Last weekend, we finally cracked and gave Bubba Gump a try. I can’t think of a more cynical Hollywood spinoff, but we were hungry, and the Aquarium restaurant was stuffed. Bubba’s food was not bad. The kids actually ate—there’s something to blog home about.
What struck me was one of the myriad bits of nostalgia: a map of the Beaufort, South Carolina area.
When I was a little boy, my family lived in five South Carolina towns in the space of less than three years. The first one was Frogmore, near Beaufort. You are unlikely to find it on a map, because they renamed it to Saint Helena, after the island that the village rests upon. Kind of a shame. At least you can still find Frogmore stew.
The town has a long, peculiar history. This was the place where Laura Matilda Towne and Ellen Murray moved to serve the former slave population and establish the Penn School in 1862.

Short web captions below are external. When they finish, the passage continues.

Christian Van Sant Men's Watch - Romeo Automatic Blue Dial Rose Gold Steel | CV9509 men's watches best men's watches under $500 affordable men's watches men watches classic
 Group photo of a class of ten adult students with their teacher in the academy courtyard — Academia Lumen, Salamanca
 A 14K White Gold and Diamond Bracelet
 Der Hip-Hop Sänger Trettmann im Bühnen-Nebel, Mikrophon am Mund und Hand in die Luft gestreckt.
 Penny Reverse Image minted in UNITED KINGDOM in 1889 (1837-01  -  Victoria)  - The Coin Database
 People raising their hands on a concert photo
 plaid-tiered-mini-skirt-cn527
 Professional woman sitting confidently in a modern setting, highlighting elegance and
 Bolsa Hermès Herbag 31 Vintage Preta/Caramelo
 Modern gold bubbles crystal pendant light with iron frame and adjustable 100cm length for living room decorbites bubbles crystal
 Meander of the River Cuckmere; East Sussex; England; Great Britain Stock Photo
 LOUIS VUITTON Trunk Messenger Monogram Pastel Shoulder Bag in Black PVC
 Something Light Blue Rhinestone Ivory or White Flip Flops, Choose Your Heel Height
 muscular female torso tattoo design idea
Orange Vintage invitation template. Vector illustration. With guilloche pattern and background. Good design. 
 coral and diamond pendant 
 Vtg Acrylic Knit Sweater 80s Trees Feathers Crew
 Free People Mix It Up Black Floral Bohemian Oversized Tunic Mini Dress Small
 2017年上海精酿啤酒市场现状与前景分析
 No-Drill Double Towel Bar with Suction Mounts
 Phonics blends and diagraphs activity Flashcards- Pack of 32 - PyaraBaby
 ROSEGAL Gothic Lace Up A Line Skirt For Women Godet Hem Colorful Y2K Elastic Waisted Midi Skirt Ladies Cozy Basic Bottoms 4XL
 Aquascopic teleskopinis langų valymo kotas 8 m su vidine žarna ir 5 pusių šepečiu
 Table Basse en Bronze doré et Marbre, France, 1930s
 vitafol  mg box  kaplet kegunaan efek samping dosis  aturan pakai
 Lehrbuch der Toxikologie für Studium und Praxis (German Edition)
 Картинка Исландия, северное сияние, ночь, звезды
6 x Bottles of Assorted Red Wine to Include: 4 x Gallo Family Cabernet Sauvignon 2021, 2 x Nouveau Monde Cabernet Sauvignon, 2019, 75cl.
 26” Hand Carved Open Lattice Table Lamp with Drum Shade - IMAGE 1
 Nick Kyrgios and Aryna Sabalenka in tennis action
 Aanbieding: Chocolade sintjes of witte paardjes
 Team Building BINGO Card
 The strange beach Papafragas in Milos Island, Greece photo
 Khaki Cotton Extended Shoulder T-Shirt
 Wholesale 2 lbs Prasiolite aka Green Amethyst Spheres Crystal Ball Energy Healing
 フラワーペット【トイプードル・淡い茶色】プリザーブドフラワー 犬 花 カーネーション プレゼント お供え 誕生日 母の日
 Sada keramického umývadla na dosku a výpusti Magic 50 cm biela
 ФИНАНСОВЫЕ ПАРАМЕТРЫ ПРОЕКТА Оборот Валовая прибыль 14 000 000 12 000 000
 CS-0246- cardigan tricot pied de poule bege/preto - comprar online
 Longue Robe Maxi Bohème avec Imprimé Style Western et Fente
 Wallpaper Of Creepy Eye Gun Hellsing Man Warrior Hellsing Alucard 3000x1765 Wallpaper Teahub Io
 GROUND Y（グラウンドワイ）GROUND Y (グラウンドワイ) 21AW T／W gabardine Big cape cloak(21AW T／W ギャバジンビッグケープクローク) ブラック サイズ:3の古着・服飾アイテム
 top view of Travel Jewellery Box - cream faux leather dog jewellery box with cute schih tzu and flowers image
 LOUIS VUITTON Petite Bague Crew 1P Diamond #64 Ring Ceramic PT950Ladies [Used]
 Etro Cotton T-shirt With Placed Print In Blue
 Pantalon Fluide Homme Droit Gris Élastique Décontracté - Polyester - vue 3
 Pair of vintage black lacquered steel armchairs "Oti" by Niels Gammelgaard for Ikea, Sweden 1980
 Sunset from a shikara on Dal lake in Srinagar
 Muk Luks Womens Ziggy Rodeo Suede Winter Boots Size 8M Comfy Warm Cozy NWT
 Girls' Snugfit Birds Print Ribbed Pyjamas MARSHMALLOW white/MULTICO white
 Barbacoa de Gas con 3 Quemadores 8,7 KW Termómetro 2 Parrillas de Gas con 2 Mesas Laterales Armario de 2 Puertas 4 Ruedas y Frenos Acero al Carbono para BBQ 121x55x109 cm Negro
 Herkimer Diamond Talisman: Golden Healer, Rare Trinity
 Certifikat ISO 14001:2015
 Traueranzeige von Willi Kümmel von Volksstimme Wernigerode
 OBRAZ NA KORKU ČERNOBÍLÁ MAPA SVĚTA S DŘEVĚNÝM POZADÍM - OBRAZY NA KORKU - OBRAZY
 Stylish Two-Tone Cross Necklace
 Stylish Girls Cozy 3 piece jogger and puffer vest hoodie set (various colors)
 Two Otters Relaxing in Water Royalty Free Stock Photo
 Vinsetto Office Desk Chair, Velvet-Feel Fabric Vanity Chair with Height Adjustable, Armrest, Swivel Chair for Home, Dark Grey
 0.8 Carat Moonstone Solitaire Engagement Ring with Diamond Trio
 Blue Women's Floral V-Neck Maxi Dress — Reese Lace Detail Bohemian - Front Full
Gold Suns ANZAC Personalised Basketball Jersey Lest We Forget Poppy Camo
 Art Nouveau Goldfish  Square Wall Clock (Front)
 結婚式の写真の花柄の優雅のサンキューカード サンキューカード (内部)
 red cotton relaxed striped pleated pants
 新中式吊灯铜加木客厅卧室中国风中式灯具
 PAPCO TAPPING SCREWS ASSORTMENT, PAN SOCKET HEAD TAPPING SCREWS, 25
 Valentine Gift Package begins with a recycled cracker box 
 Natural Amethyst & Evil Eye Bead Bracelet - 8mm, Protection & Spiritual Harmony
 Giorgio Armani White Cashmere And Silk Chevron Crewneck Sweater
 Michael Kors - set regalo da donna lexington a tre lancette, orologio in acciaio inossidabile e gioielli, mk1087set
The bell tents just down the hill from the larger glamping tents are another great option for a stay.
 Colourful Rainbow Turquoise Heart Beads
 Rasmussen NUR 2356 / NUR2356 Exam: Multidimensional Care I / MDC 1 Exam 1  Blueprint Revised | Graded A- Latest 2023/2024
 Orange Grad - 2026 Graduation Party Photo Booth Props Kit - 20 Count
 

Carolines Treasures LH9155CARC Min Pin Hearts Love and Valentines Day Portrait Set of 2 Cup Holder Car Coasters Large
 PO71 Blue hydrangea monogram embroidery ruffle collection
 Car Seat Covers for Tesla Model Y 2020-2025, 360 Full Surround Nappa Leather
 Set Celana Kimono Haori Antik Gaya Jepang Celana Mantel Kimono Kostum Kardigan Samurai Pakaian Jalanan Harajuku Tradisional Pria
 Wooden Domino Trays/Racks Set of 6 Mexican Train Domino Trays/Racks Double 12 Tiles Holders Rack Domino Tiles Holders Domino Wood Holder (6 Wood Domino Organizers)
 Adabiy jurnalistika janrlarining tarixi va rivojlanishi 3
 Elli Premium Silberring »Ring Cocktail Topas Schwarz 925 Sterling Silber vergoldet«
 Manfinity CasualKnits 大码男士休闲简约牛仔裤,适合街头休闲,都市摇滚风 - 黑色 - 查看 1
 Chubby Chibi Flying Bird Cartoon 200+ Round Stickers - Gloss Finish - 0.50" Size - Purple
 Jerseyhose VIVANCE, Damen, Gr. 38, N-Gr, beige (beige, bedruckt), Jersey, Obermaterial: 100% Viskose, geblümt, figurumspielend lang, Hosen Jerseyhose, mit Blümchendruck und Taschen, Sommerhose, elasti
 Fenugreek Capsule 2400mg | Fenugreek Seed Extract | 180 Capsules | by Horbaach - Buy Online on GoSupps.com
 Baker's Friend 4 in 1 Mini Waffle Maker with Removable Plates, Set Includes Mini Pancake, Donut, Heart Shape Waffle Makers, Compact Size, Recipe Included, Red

By the time we arrived, 104 years later, not much had changed. We had modern conveniences like plumbing, though ours was backed up into the bath tub when we arrived. The place was still isolated. Blonde hair was still a novelty among the island children.
I was of course too young to remember our residence in Frogmore. According to Mom, my life there consisted mostly of being bitten by sand flies in my crib. There were also occasional walks outside with my oldest sister Duska, and I’m guessing I was brought along for some of the proselytizing.
It may be rightly said that Frogmore was the Geneva of the South in 1966, though I’m told that Joe Frazier, himself a Beaufort native, called it the slum of the South. It was in Frogmore, at Penn Center, that Martin Luther King Jr., Andrew Young, Jessie Jackson, and the Southern Christian Leadership Conference met every year. Locals, including our family, were invited to attend the November 1966 conference, during which, I’m told, much debate took place regarding the pros and cons of nonviolent activism. I have read that it was at this conference that King expanded his vision from civil rights to human rights.
Laura Towne and Ellen Murray spent the remainder of their lives serving the islanders—a combined 85 years. We couldn’t hold on quite that long, and returned to California in early 1967, though we did visit Frogmore when we returned to South Carolina several years later. I remember spirituals being sung in a hall there. I remember one particular Baha’i song called “We Are Soldiers In God’s Army”. I haven’t heard it in a long time. I can tell you unequivocally that it most certainly rocked!
I also remember my brother Al catching a hammerhead shark and a ray off the pier. That could be a manufactured memory, but I remember it vividly.
Nice dan! And yes the hammerhead and ray fishing was great. Though steel leaders were required if you wanted to land the fish.